╔══
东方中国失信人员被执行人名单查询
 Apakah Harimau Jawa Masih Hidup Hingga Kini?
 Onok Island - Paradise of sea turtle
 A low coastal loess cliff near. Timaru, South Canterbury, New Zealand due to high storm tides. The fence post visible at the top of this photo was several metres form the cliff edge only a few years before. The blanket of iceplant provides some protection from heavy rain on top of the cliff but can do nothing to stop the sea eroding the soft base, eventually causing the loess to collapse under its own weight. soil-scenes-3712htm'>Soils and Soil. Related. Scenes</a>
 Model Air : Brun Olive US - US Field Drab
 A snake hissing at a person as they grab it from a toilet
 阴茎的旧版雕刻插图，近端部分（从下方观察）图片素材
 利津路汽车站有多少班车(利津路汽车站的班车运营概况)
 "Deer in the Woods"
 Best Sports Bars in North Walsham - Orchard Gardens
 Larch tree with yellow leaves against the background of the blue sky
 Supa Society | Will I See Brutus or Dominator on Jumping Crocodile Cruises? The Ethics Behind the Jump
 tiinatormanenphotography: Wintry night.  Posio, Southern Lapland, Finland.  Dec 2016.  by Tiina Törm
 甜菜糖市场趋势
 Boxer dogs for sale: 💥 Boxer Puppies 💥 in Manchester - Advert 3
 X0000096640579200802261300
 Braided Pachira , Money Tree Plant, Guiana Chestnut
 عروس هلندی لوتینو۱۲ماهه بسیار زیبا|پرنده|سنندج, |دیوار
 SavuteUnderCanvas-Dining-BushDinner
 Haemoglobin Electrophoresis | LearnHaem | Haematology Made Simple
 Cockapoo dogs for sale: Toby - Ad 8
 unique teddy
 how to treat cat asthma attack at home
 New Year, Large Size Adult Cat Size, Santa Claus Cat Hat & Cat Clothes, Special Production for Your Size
╚══
(What to do): Could you restate the listing above word for word, leaving nothing out?

(Answer to the problem):
东方中国失信人员被执行人名单查询
 Apakah Harimau Jawa Masih Hidup Hingga Kini?
 Onok Island - Paradise of sea turtle
 A low coastal loess cliff near. Timaru, South Canterbury, New Zealand due to high storm tides. The fence post visible at the top of this photo was several metres form the cliff edge only a few years before. The blanket of iceplant provides some protection from heavy rain on top of the cliff but can do nothing to stop the sea eroding the soft base, eventually causing the loess to collapse under its own weight. soil-scenes-3712htm'>Soils and Soil. Related. Scenes</a>
 Model Air : Brun Olive US - US Field Drab
 A snake hissing at a person as they grab it from a toilet
 阴茎的旧版雕刻插图，近端部分（从下方观察）图片素材
 利津路汽车站有多少班车(利津路汽车站的班车运营概况)
 "Deer in the Woods"
 Best Sports Bars in North Walsham - Orchard Gardens
 Larch tree with yellow leaves against the background of the blue sky
 Supa Society | Will I See Brutus or Dominator on Jumping Crocodile Cruises? The Ethics Behind the Jump
 tiinatormanenphotography: Wintry night.  Posio, Southern Lapland, Finland.  Dec 2016.  by Tiina Törm
 甜菜糖市场趋势
 Boxer dogs for sale: 💥 Boxer Puppies 💥 in Manchester - Advert 3
 X0000096640579200802261300
 Braided Pachira , Money Tree Plant, Guiana Chestnut
 عروس هلندی لوتینو۱۲ماهه بسیار زیبا|پرنده|سنندج, |دیوار
 SavuteUnderCanvas-Dining-BushDinner
 Haemoglobin Electrophoresis | LearnHaem | Haematology Made Simple
 Cockapoo dogs for sale: Toby - Ad 8
 unique teddy
 how to treat cat asthma attack at home
 New Year, Large Size Adult Cat Size, Santa Claus Cat Hat & Cat Clothes, Special Production for Your Size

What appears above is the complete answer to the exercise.